Task instructions: Everything from the line with "804 E AVON Road, Rochester Hills, MI 48307" through the final line of the listing below must be retyped exactly, apart from the pictures.

Data section:
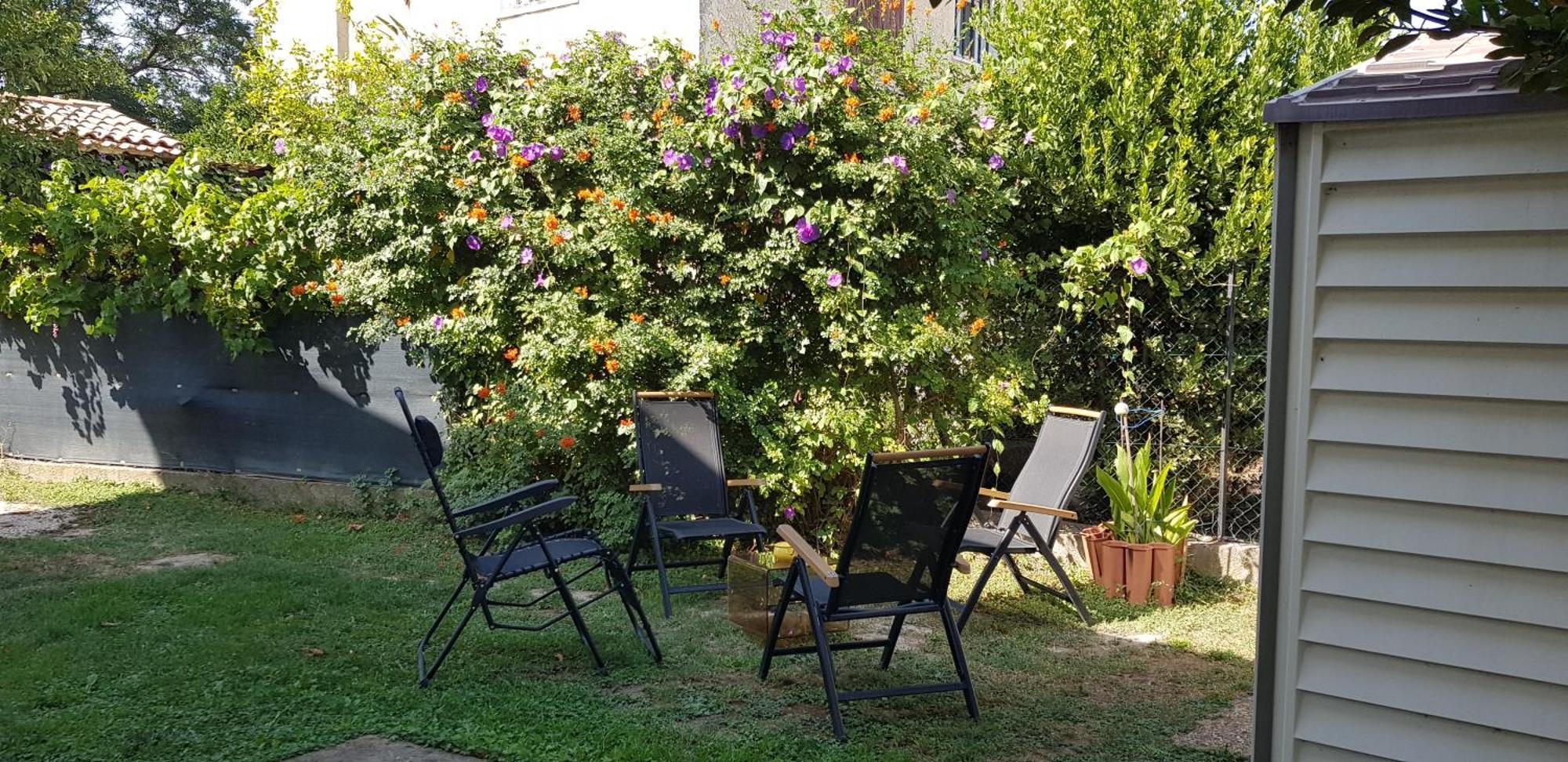 Superbe T2 Avec Jardin, Piscine-Enfant Et Parking Apartment Арл Екстериор снимка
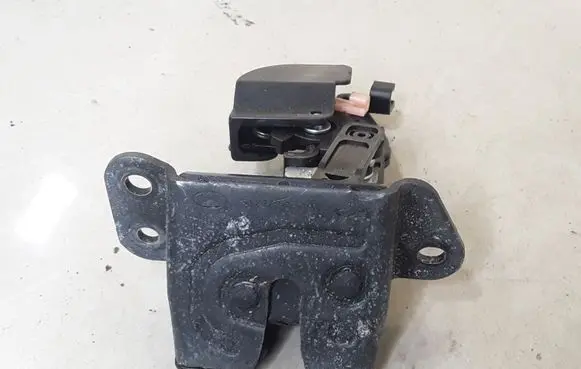 Hyundai Santa Fe Tailgate/trunk/boot lock/catch/latch 812302B000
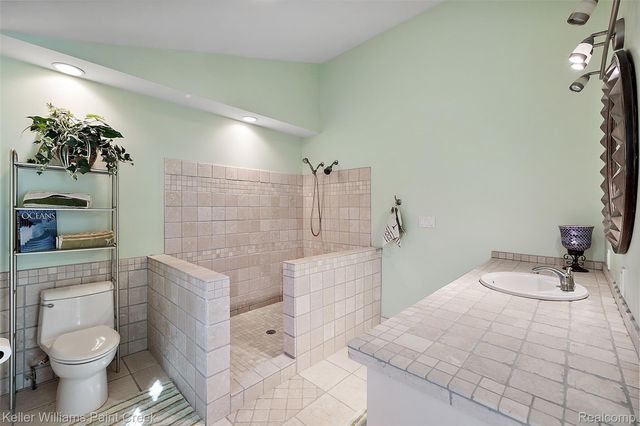 804 E AVON Road, Rochester Hills, MI 48307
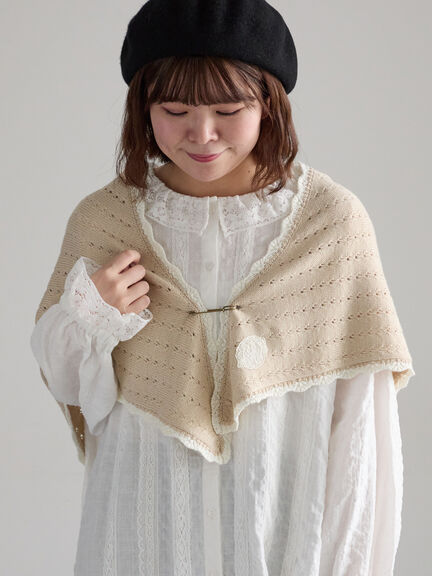 【SA刺繍】配色スカラップニット三角ストール（ブラック/モカ/キナリ）｜Samansa Mos2（サマンサ モスモス）通販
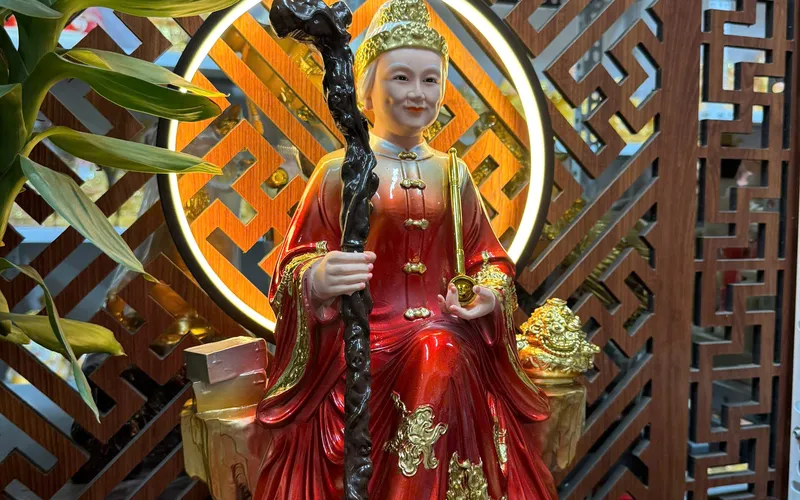 Tượng Bà Cố Hỷ áo cổ tàu Composite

Worked solution:
 804 E AVON Road, Rochester Hills, MI 48307
 【SA刺繍】配色スカラップニット三角ストール（ブラック/モカ/キナリ）｜Samansa Mos2（サマンサ モスモス）通販
 Tượng Bà Cố Hỷ áo cổ tàu Composite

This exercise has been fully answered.